Balancing a wobbly body is difficult. Keep the body tense and engaged so that the balancing is done by the fingers not the rest of the body.
Practise by laying on the floor and squeezing your bum, abs, legs, pointed toes, and hands above your head as if you’re in a handstand. Practising body tension on the floor will help you engage it when in a handstands.
Alignment makes the handstand easier because the bodyweight gets supported by the skeleton rather than muscle effort. We would like the body (arms, spine and legs) to be in a straight line. If the shoulders don’t go straight then the back will bend to compensate and muscle effort will therefor be needed which is tiring!
Stretch your shoulders every day to encourage a straight line between your arms and back.
Squeezing your tail bone under will also encourage the back to go straight.
If you’re unsure, ask a friend to spot you, or film yourself doing a handstand to see if you’re straight.

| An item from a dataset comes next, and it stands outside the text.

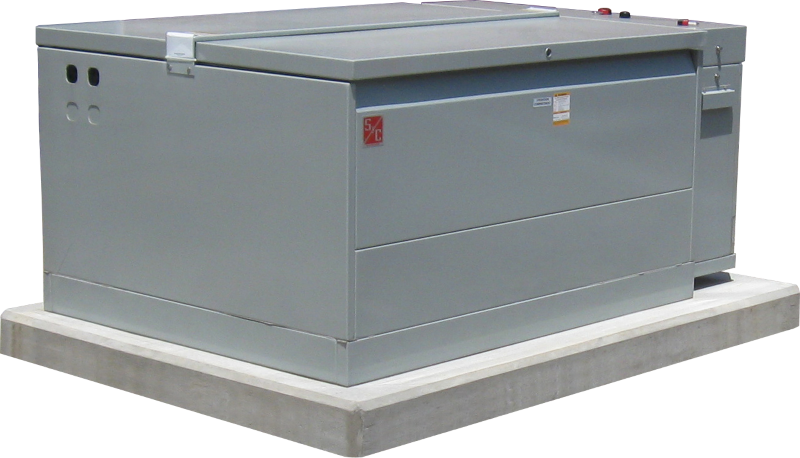 Corner view of a Remote-Supervisory Vista® Underground Distribution Switchgear unit. It is a muted gray-green color with a red S&C logo on its front. The unit is closed and sits neatly on a concrete pad.
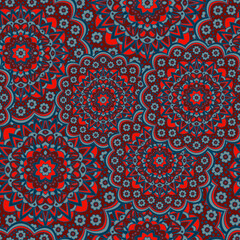 Persian medallion flower seamless ornament design.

Check out these Resistance Bands which can be used to progress your Strength + Flexibility.
4. Shoulder Strength & Stability.
Even if you have control, alignment, and bodytension, your shoulders need to be strong enough to maintain your body weight whilst in a handstand.
Kick up against the wall (hands about 10 inches from wall) and hold a straight handstand for 10 seconds. Build this up to 30 seconds and 60 seconds over a period of weeks.
Do press ups and downward dog shoulder presses to increase the shoulder and tricep strength.
With everything else in place, the final component is to practise balancing.
Kick up against a wall and press in your fingers so your feet are pulled away from the wall. Do this repeatedly to build the strength in your forearms.
If you do this repeatedly you will find balance & control begin to improve and you will start to hold a handstand for several seconds at a time without your feet touching the wall.
Everybody has different limiting factors. Some people have great flexibility but not enough strength. Those people will benefit from strengthening their shoulders. Some people have plenty of strength but not enough flexibility. Those people will benefit from more stretching.
This is why Crossfit people and Yoga people would require different coaching when learning handstands.
Enjoy your practise and be playful. The most important thing is that you find enjoyment.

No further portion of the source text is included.